Planning of the question:

Let $(M,g)$ be a Riemannian manifold and $TM$ be its tangent bundle

The isotropic almost complex structures $J_{\delta , \sigma}$ were introduced by Aguilar on the tangent bundle of a Riemannian manifold $(M,g)$ in this paper. These structures induce a class of Riemannian metrics $g_{\delta ,\sigma}$ on $TM$ which are a generalization of the Sasaki metric ($\sigma, \delta :TM \to \mathbb{R}^+$ are real positive functions).

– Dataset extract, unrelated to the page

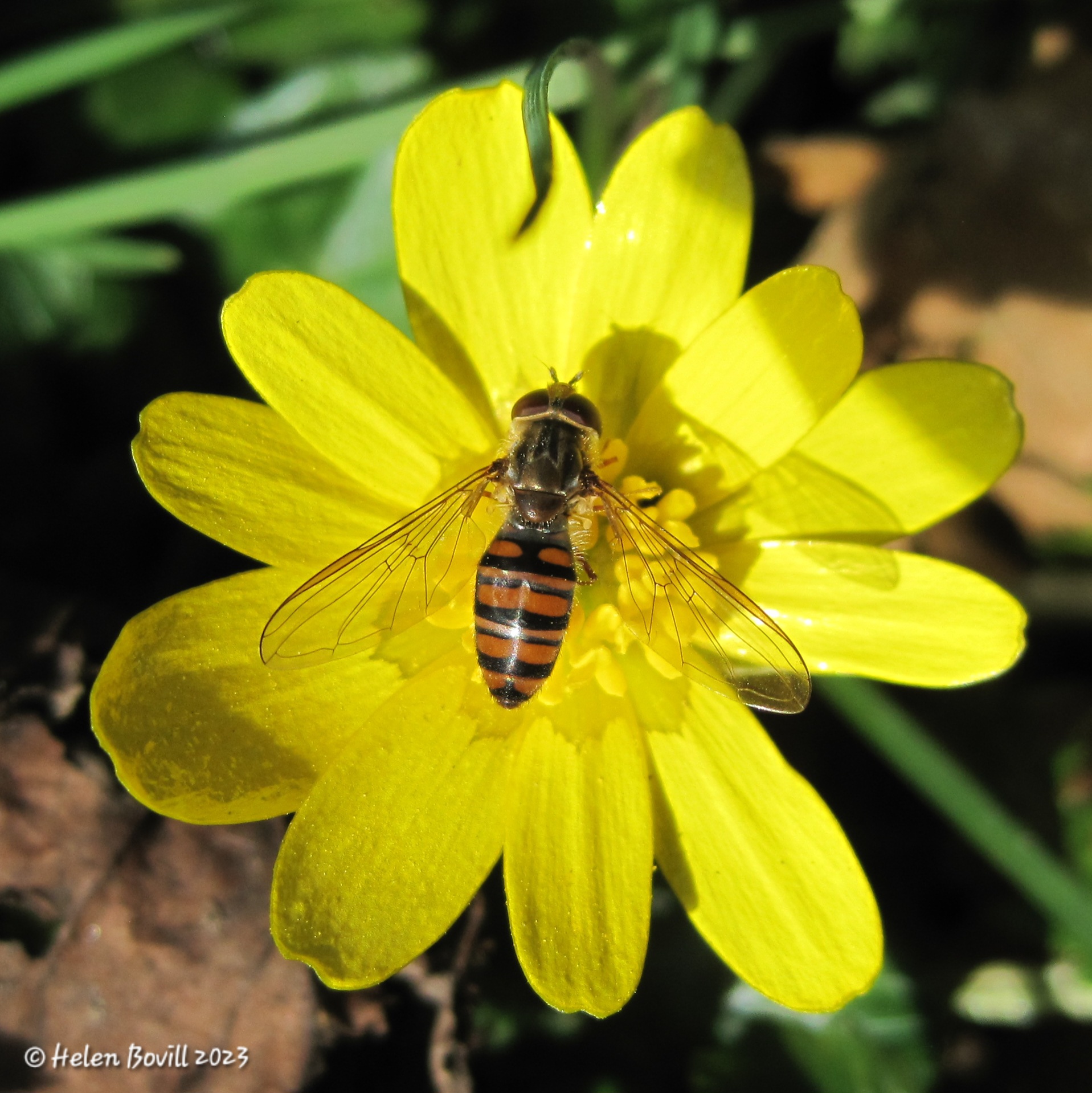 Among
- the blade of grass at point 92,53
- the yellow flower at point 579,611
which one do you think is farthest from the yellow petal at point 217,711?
the blade of grass at point 92,53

I supposed that the base manifold is the Euclidean space $\mathbb{R}^n$ and the Riemannian manifold $(T\mathbb{R}^n,g_{\delta ,0})$ is an Einstein manifold with the Ricci operator $Ric(A)=\rho A$ where $A$ is a tengent vector to the manifold $T\mathbb{R}^n$ and $\rho =constant$. Then, I concluded the following necessary conditions for $\delta = \frac{1}{\alpha}$:

\begin{align} &\sum _{i=1}^n\frac{\partial ^2\alpha}{\partial (y^i)^2 }=-2\rho , \\ &\frac{1-n}{2 \alpha}(\frac{\partial \alpha}{\partial y^j})^2-\frac{\partial ^2 \alpha}{\partial (y^j)^2}=2\rho , \hspace{2mm}j=1,...,n,\\ &\frac{1-n}{2 \alpha}\frac{\partial \alpha}{\partial y^j}\frac{\partial \alpha}{\partial y^i}-\frac{\partial ^2 \alpha}{\partial y^j\partial y^i}=0,\hspace{2mm}i,j=1,...,n \hspace{2mm}\textit{and} \hspace{2mm}i\neq j,\\ &\frac{\partial \alpha}{\partial x^i}=0,\qquad i=1,...,n, \end{align} where we suppose that $\alpha = \frac{1}{\delta}$ and $(x^1,...,x^n)$ and $(x^1,...,x^n,y^1,...,y^n)$ are the standard coordinate systems on $\mathbb{R}^n$ and $T\mathbb{R}^n$, respectively(the summation on the indices is considered only in the first equation).

Question: Is there any function $\alpha: T\mathbb{R}^n \to \mathbb{R}^+$ satisfying the mentioned system? The locally answers are acceptable, too.